3.4. Thermodynamic Parameters

Table 2. Values obtained from the thermodynamic parameters determined with the Starink model at different heating rates of the PP and PS mixture.

Β (K min−1)	Ea (kJ mol−1)	A (s−1)	∆H (kJ mol−1)	∆G (kJ mol−1)	∆S (kJ mol−1)
5	188.715	1.039 × 1013	1.830 × 102	1.905 × 102	−1.098 × 10−2
10	215.937	8.604 × 1014	2.102 × 102	1.931 × 102	−2.463 × 10−2
15	148.157	7.428 × 1014	1.424 × 102	1.920 × 102	−7.130 × 10−2

shows the data on enthalpy consumption, entropy changes and Gibbs free energy for the mixture of plastic waste at different heating rates with the data obtained from the Starink kinetic model, the model that presented the best fit.

According to Eyring’s theory, the enthalpy variation is directly proportional to the activation energy, which coincides with the values obtained in the degradation of plastic waste mixtures, with low energy consumption at 15 K min⁻¹ and a value of Gibbs free energy (∆G) slightly lower compared to the other heating rates that provides greater ease of catalytically pyrolyzing mixtures of PP and PS plastics.

4. Conclusions

The present study involved the regeneration of an FCC catalyst through chemical and thermal treatment under suitable conditions for its subsequent use in catalytic pyrolysis from recycled mixtures of polypropylene and polystyrene (25:75, wt%). The kinetic behavior of this plastic waste mixture was evaluated using thermogravimetric analysis (TGA) at three heating rates (5, 10 and 15 K min⁻¹) using 5 kinetic models that included FR, KAS, FWO, ST and MM. The DTG curves of the PP/PS plastic waste at 15 K min⁻¹ show a better fit with those obtained from the kinetic models studied. However, the Starink integral isoconversional method shows the highest correlation coefficient (R2) obtaining activation energy values of 188, 215 and 148 kJ mol⁻¹ at heating rates of 5,10 and 15 K min⁻¹, respectively.

In addition, the thermodynamic parameters were calculated from the kinetic parameters of the reaction obtaining activation energy and pre-exponential factor values ranging from 308 to 148 kJ/mol (E_a) and from 7 × 10⁻⁹ to 1 × 10⁻²² (A) for the 5 kinetic models.

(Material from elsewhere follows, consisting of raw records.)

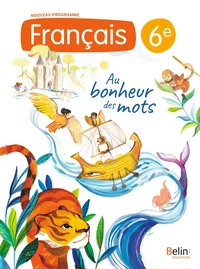 Manuel français 6e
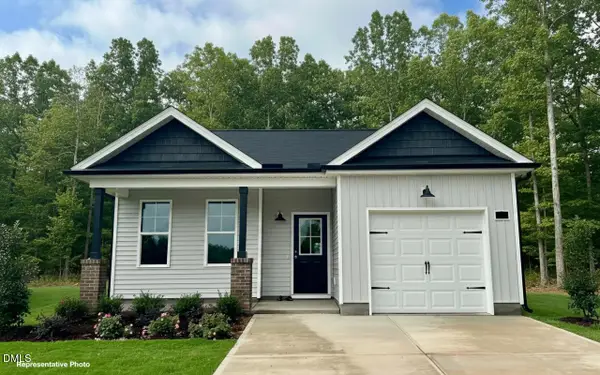 229 Bullseye Court, Middlesex, NC 27557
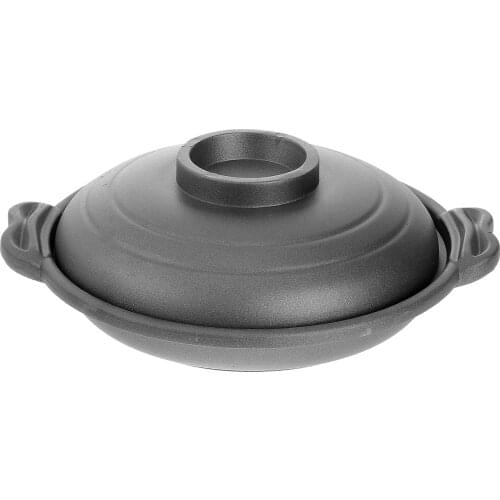 LUOEM Heat Resistant Pans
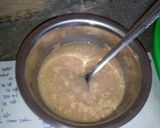 Foto langkah ke 2 dari resep Terang bulan mini lembuut.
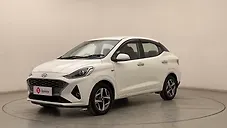 Used Hyundai Aura SX 1.2 (O) CRDi in Pune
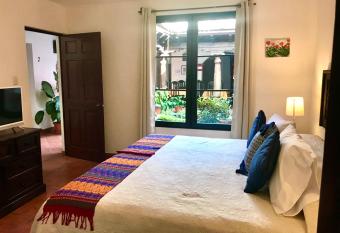 Hotel la Galer  a has Balcony rooms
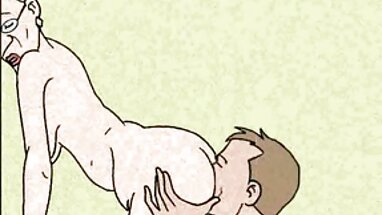 Anh ấy chỉ không thể cưỡng lại phim séc 69 cô.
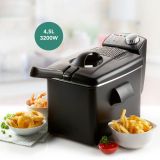 DOMO CVRTNIK 4,5L DO1014FR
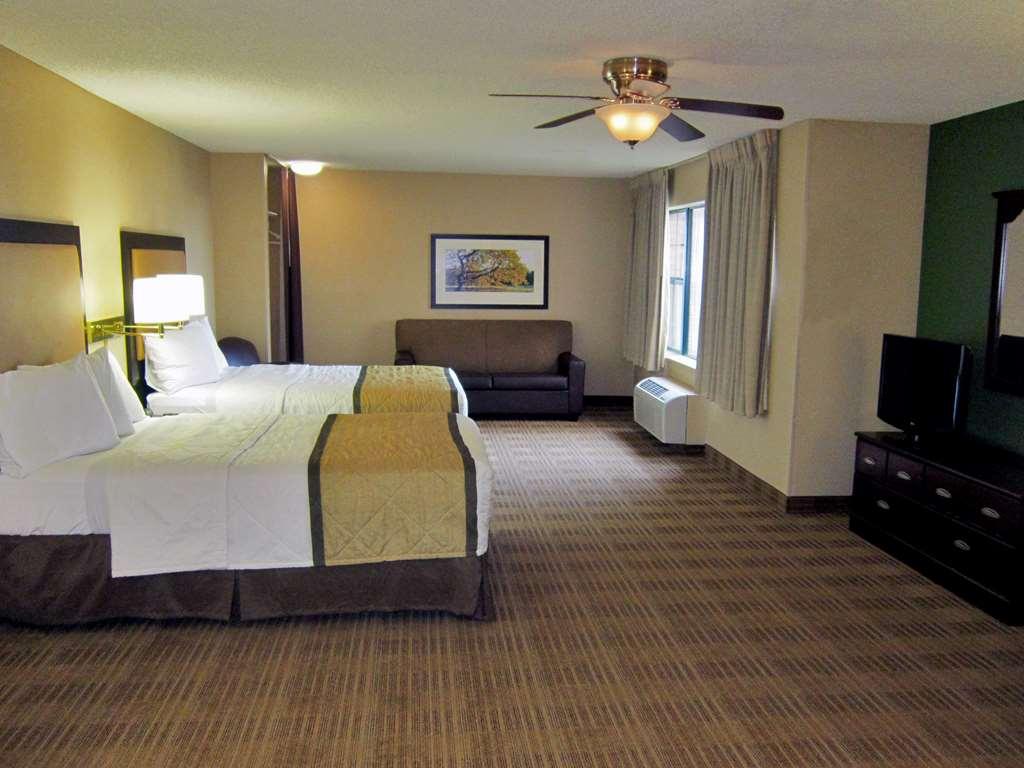Extended Stay America Suites - Boston - Braintree Rom bilde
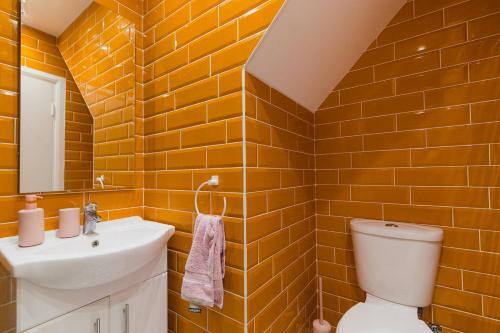 Apartamento "the Courtyard Suite" By Margate Suites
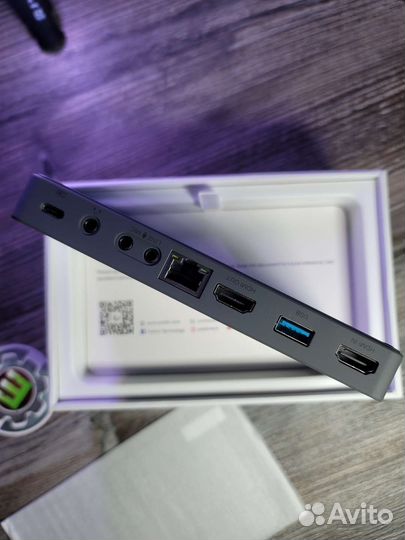 YoloBox Mini портативная стримминг студия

In this sense, the temperature and the proportion of catalyst used in this work have a significant impact on the catalytic pyrolysis which promotes and facilitates the cleavage of weak bonds and the transfer of intermolecular chains, generating a decrease in the activation energy compared to the process without catalyst under the same pyrolysis conditions.